The code you write gets optimised for you dynamically, and the machine is better at it than you are.
You may as well write in a high-level language, because the combination of optimising compilers with optimising hardware is probably going to be faster than any hand-written assembler. It's certainly going to be quicker to write.
The 68000 is a very nice, clean machine to code for, but the main point of doing it today is historical curiosity. It's quite distant from modern computing.
The original 68K instruction set is distant from modern computing only in these points:
- 32 bits
- lack of vectorization and such.
It's still perfect for most embedded stuff, by my estimation.

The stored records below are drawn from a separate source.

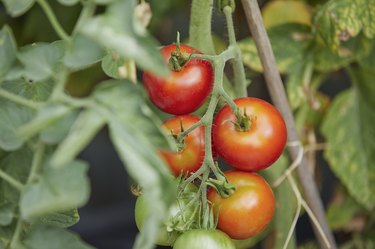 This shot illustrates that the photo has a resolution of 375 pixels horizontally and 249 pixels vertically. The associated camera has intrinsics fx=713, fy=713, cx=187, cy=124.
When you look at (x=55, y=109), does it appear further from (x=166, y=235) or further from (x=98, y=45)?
(x=166, y=235)

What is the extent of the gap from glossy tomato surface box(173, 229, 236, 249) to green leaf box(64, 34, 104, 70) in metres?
0.21

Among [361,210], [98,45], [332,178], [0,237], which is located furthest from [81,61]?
[332,178]

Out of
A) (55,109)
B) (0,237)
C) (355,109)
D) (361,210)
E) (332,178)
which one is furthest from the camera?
(332,178)

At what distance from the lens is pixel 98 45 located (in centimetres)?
49

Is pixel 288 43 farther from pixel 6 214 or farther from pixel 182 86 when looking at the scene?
pixel 6 214

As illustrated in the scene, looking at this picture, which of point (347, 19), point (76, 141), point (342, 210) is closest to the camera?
point (76, 141)

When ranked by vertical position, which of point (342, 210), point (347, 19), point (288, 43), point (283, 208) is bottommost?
point (342, 210)

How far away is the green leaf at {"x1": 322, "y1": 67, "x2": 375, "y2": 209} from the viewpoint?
1.25 m

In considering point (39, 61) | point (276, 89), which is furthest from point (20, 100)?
point (276, 89)

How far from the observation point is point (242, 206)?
0.68m

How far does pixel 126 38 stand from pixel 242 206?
0.93ft

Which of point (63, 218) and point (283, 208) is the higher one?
point (63, 218)

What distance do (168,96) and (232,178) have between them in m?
0.11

Well .... there are certain points like: wasn't there some issue with branch displacements on MC68K being confined to 16 bit ranges? If you have large functions, it can be a problem.
I dimly remember a project I was on circa 2001 to port a protocol stack (that we were developing on x86) to a system with some Freescale processor with a 68K instruction set.

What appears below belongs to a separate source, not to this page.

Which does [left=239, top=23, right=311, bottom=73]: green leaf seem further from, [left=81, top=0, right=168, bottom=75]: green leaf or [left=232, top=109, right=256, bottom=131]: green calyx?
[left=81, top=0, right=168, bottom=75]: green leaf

I remember having to chop the source file into several translation units, because when it was all in one file, the inlining or static function calls or whatever, were generating PC relative branches that were too large for the opcode.

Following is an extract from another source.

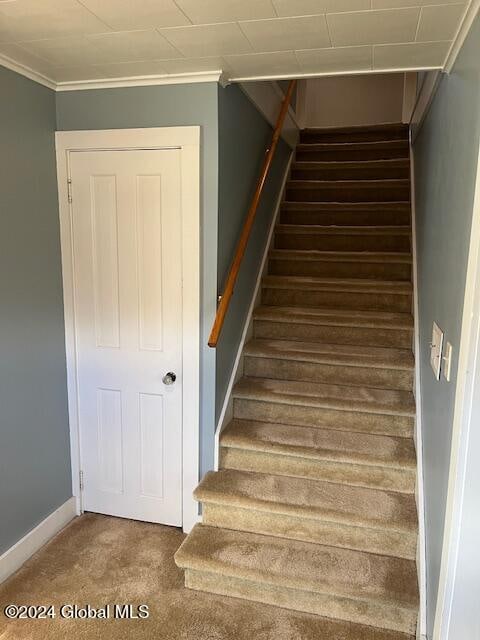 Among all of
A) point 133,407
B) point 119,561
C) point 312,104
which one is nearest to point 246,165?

With today's hugeware, you'd be running into that left and right.
> I remember having to chop the source file into several translation units, because when it was all in one file, the inlining or static function calls or whatever, were generating PC relative branches that were too large for the opcode.
That's just inadequate tools.
With GNU as for RISC-V if I write `beq a1,a2,target` and target is more than 4k away then the assembler just silently emits `bne a1,a2,.+4; j target` instead.
The MC68K has a BRA instruction with an opcode 0110 0000 (0x60). The low byte of the 16 bit opcode word is a displacement. If it is 0, then the next 16 bit word has a 16 bit displacement. If that low byte is 0xFF, then the next two 16 bit words have a 32 bit displacement.
The displacement is PC relative.
This unconditional 0x60 opcode is just a special case of Bcc which ids 0x6N, where N is a condition type to check for a conditional branch. Bcc also has 8, 16 or 32 bit displacement.
So, yeah; that's not a problem. Not sure what the issue was with that GCC target; it somehow just didn't generate the bigger displacements.
Not sure why you were downvoted. What you say is true. You could count the cycles of the instructions to figure out exactly how long a loop would take at a given clock frequency. The entities manipulated by the program literally existed. If the ISA said there are 8 registers, you could find 8 areas of the silicon die corresponding to those. The ISA features on a modern processor are a fiction. Especially if it something riddled with 50 years of backwards compatibility, like Intel.
The 68000 has more registers and wider data types: but the registers are all uniformly the same. It's really just two registers A and D, copied a bunch of times in to D0 to D7, and A0 to A7. Whatever you can do with D0 can be done with D3 and so on. Some A's are dedicated, like for a stack pointer.
Simplicity of structure has to be balanced with simplicity of programming.
It's not that easy to program the 6502, because in moderately complex programs, you're constantly running into its limitations.
The best way to learn how to hack around the limitations of a tiny machine is to completely ignore them and become a seasoned software engineer. A seasoned engineer will read the instruction set manual in one setting, and other pertinent documents, and the clever hacks will start brewing in their head.
You don't have to start with tiny systems to get this skill. When you're new, you don't have the maturity for that; get something that's a bit easier to program with more addressing modes and easier handling of larger arrays, more registers, wider integers.